Time of my life: ‘Working in a factory was a lesson in life’

Louis Copeland, tailor

Louis Copeland at his premises on Capel Street in Dublin. Photograph: Frank Miller

Louis Copeland at his premises on Capel Street in Dublin. Photograph: Frank Miller

 

The Time of My Life is a weekly column about a moment that changed someone’s life – for the better or the worse

After national school I went to technical school on Parnell Square, Dublin. I was there for two years. After that you had to go and get experience. In the meantime I would have been going down to my father’s workshop, sweeping the floor, doing the messages, that kind of thing.

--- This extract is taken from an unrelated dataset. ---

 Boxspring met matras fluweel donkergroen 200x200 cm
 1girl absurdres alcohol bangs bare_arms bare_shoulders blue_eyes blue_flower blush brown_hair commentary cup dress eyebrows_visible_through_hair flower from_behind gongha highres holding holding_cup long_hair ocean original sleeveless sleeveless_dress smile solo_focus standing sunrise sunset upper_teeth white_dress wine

I started out at about 10 years of age doing that. When I left school at 14, I went to tailoring school, learning about textiles. Then I went to work in a factory off Thomas Street, on St Augustine Street, John Barron and Co. Their brand was called Two Owls. I went to work in the factory when I was 16 years old. I’m 68 now.

You had to be in at 8am, and being in at 8am then was like being in at 5am now. I lived in Drumcondra on Grace Park Road. My uncle worked in a printer in Dolphin’s Barn, and he used to collect me at 7.20am every morning. He was one of those old-time workers – everything was to the minute. He’d come up Grace Park Road, you’d jump into the car with him and be there at 7.50am. In those days there was no traffic.

Clock in

You had to get your card and clock in. If it was 8.05am you had to wait outside in the cold until 9am to get into the place, and then they stopped you and you were late. Later in life that teaches you how to get up early in the morning and make sure you’re in on time.

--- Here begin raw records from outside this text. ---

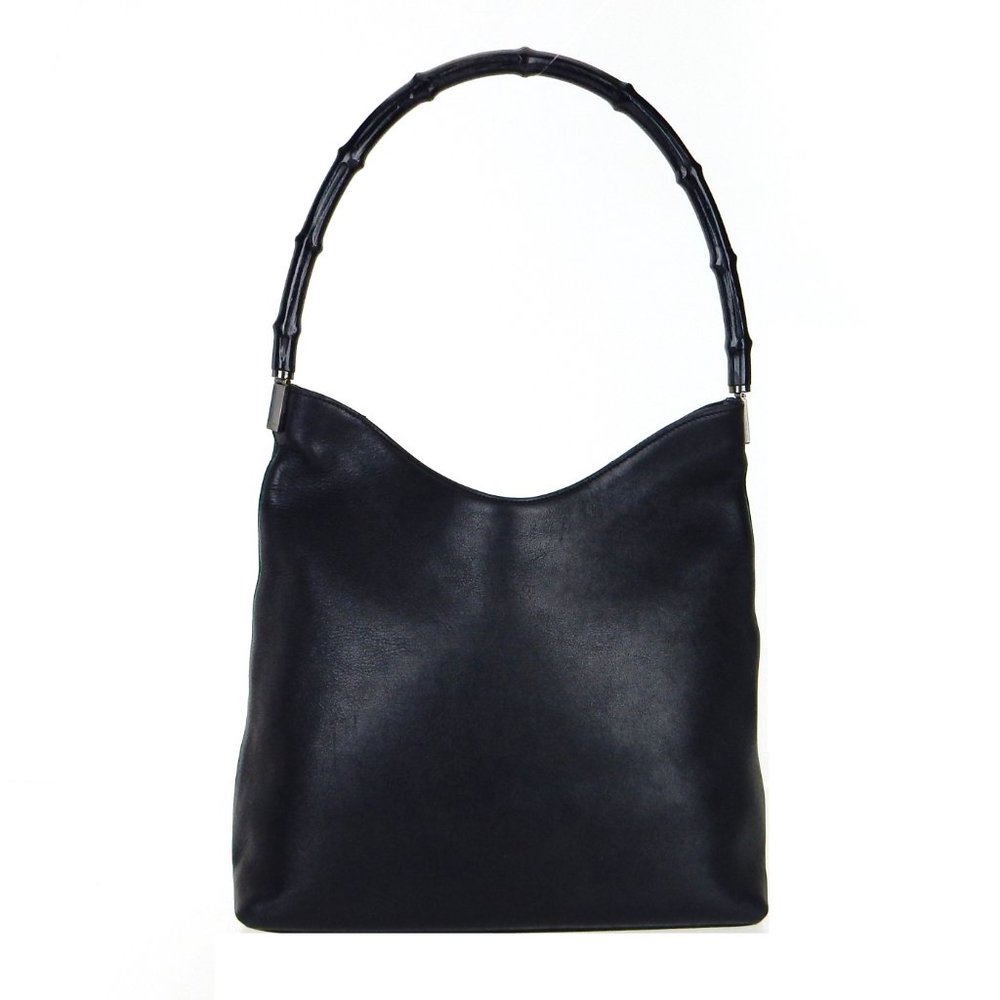 GUCCI Bamboo Handled Black Leather Bucket Shoulder Bag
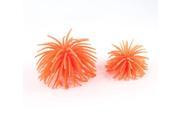 Unique Bargains 2 x Orange White Dotted Silicone Manmade Aquarium Sea Anemone Coral Ornament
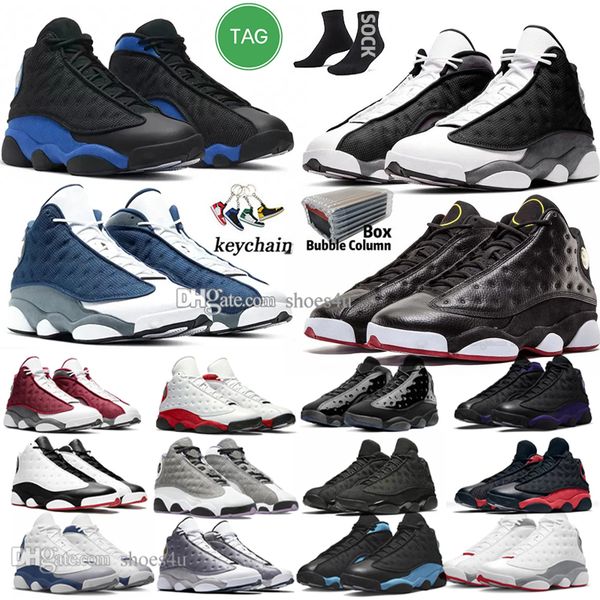 

13s men basketball shoes for women 13 black flint wheat wolf grey playoffs court purple french university blue bred houndstooth mens womens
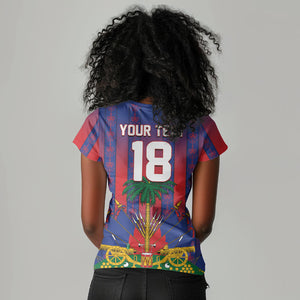 Custom Haiti Football 2026 Women V-Neck T-Shirt Les Grenadiers Voodoo Veve Pride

Working in the factory as an apprentice tailor, you did everything from sweeping the floor to working on a button hole machine. Obviously when you’re a new recruit they’d be playing tricks on you. They’d ask you to “go down to Mary and get a bucket of steam”, and you’d go down looking for one.

You realised later on the value of knowing how a factory works, how the garments are made, what’s underneath the bonnet, as it were. You get to learn all the fabrics, how things are made, all the tricks of the trade. In the factory you started on one thing but were brought around to different things. It was a great learning curve.

Get a lift home

When I finished work in the factory I would have come down to my father and done an hour or two working in Capel Street, and then get a lift home. I was in that factory for about two years. It was all a lesson in the trade for me, but it was also a lesson in life.